The 2010 Census revealed a population of 3,890,757. Around 30,000 of these are expatriates living in Bali.


The population is continuing to rise and a provincial agency recently reported the numbers could now be as high as 4.22 million. This increase is due to a high birth rate and also urbanization. This rising population is challenging for the island.


The Balinese people are a community banded by the awareness of culture. The basic concept of conduct is based on social layers called "Kasta" or castes which is very complex and expressed in language and body gesture. Some basic attitudes can be found at all levels, particularly concerning what is polite and what is not.


Balinese is a Malayo-Polynesian language which is also spoken in Lombok and Java. The Bali Cultural Agency estimates that less than 1 million people in Bali still use the Balinese language in their daily lives. Indonesian and English are becoming increasingly used by the Balinese people.


Traditional Culture

Most Balinese adhere to the Balinese-Hinduism religion, whilst the majority of the rest of Indonesia are Muslim.

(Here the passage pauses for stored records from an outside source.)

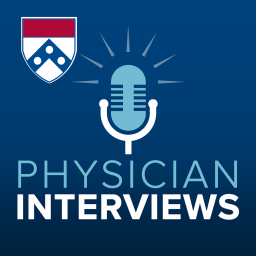Podcast thumbnail for Penn Medicine Physician Interviews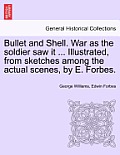 Bullet and Shell. War as the Soldier Saw It ... Illustrated, from Sketches Among the Actual Scenes, by E. Forbes.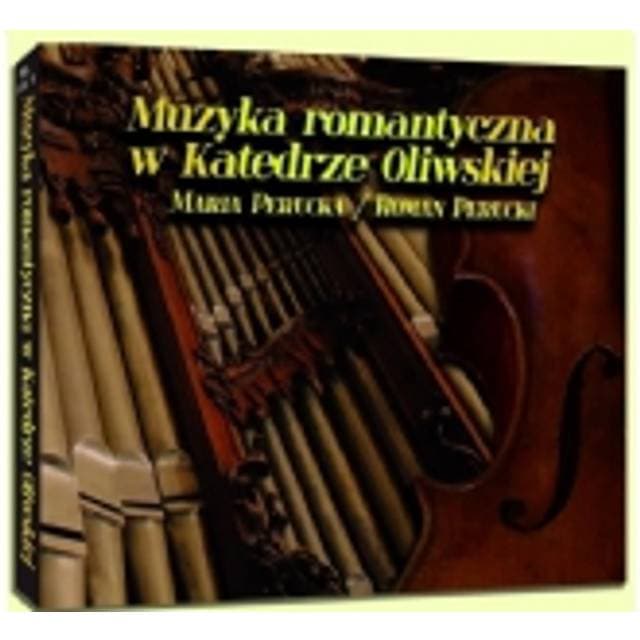 Romantic music in the Oliwa Cathedral Maria Perucka, Roman Perucki (CD)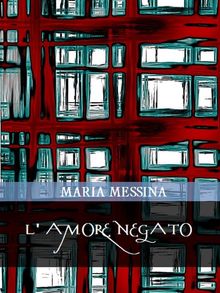 L'amore negato.  Maria Messina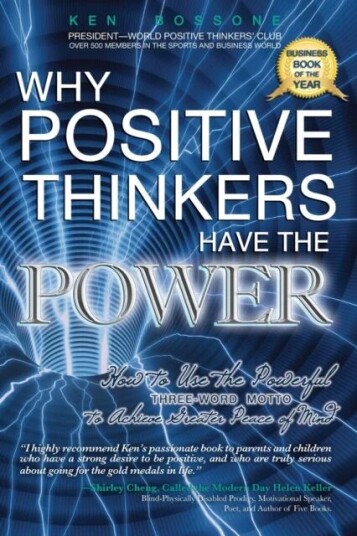 Why Positive Thinkers Have The Power Av Ken Bossone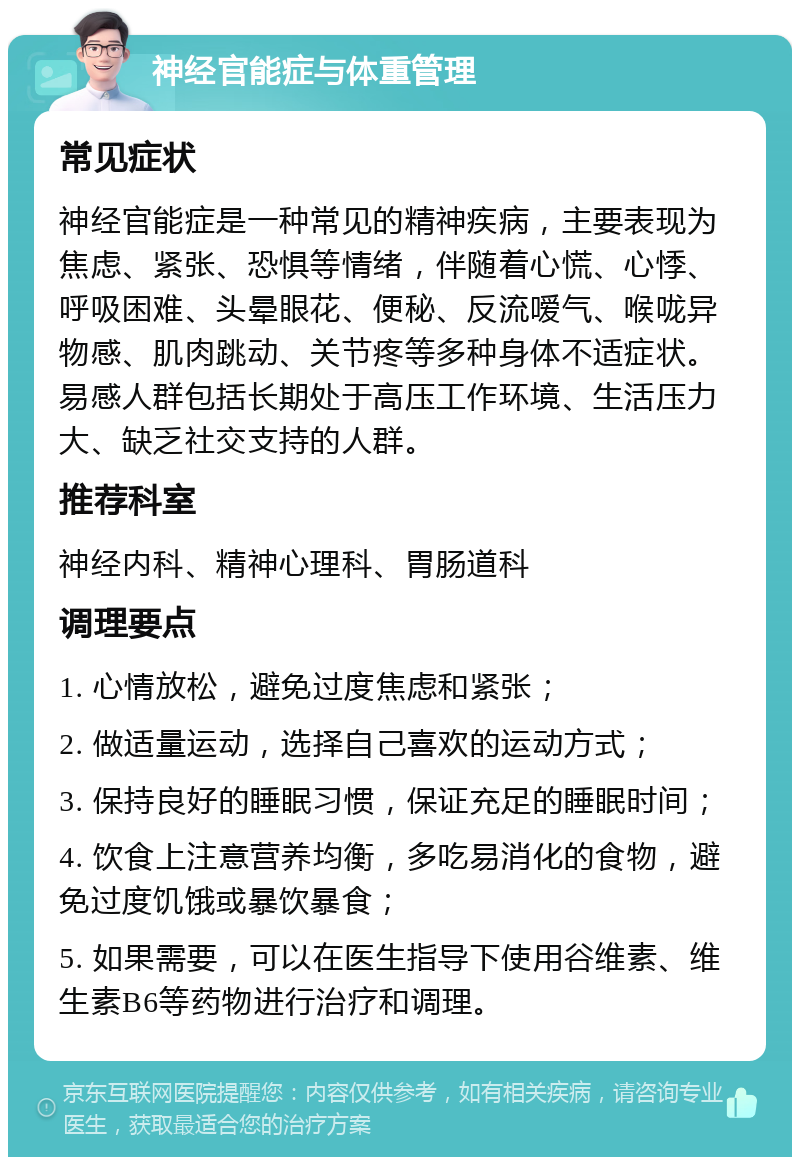 神经官能症与体重管理 常见症状 神经官能症是一种常见的精神疾病，主要表现为焦虑、紧张、恐惧等情绪，伴随着心慌、心悸、呼吸困难、头晕眼花、便秘、反流嗳气、喉咙异物感、肌肉跳动、关节疼等多种身体不适症状。易感人群包括长期处于高压工作环境、生活压力大、缺乏社交支持的人群。 推荐科室 神经内科、精神心理科、胃肠道科 调理要点 1. 心情放松，避免过度焦虑和紧张； 2. 做适量运动，选择自己喜欢的运动方式； 3. 保持良好的睡眠习惯，保证充足的睡眠时间； 4. 饮食上注意营养均衡，多吃易消化的食物，避免过度饥饿或暴饮暴食； 5. 如果需要，可以在医生指导下使用谷维素、维生素B6等药物进行治疗和调理。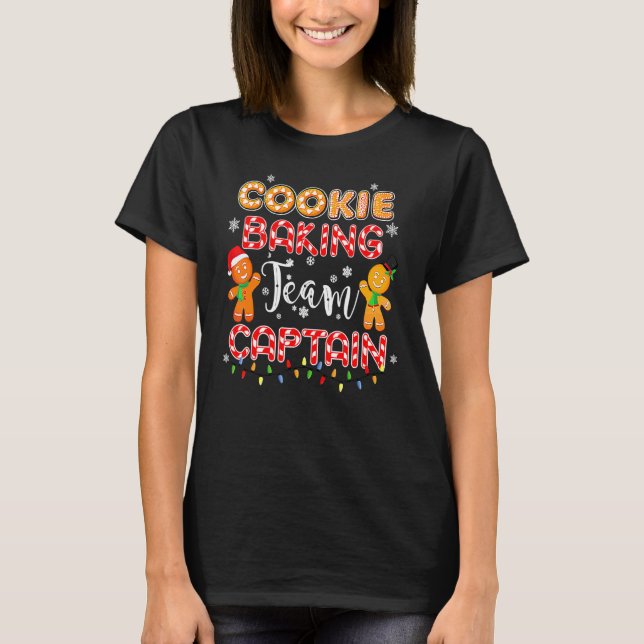 Cookie Baking Team Captain Gingerbread Christmas   T-Shirt (Front)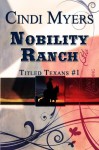 Nobility Ranch (Titled Texans) - Cindi Myers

The Balinese worship many gods and spirits, whilst other religions believe in one god. The Balinese celebrate many different milestones throughout a person's life with elaborate ceremonies.


The Balinese have a strong community spirit and most families live in a community setting known as a banjar.


Balinese arts and crafts are unique and portray many historical references whilst incorporating Western influences.


The Balinese are surrounded by art throughout their lives. They make art out of the most basic necessities in their daily lives. However, artistic knowledge is not commissioned only to a special intellectual class, but is open to everyone at all levels. Painting, sculpture, carving and music have traditionally been the province of men, while women channeled their creative energy into creating lavish offerings to the gods. In every festival, you can see spectacular pyramids of flowers, fruit, and cakes up to two meters high, constructed with such love and adoration that it could only be meant for a higher being. Although a religiously regarded practice, Balinese art does not serve religion solely.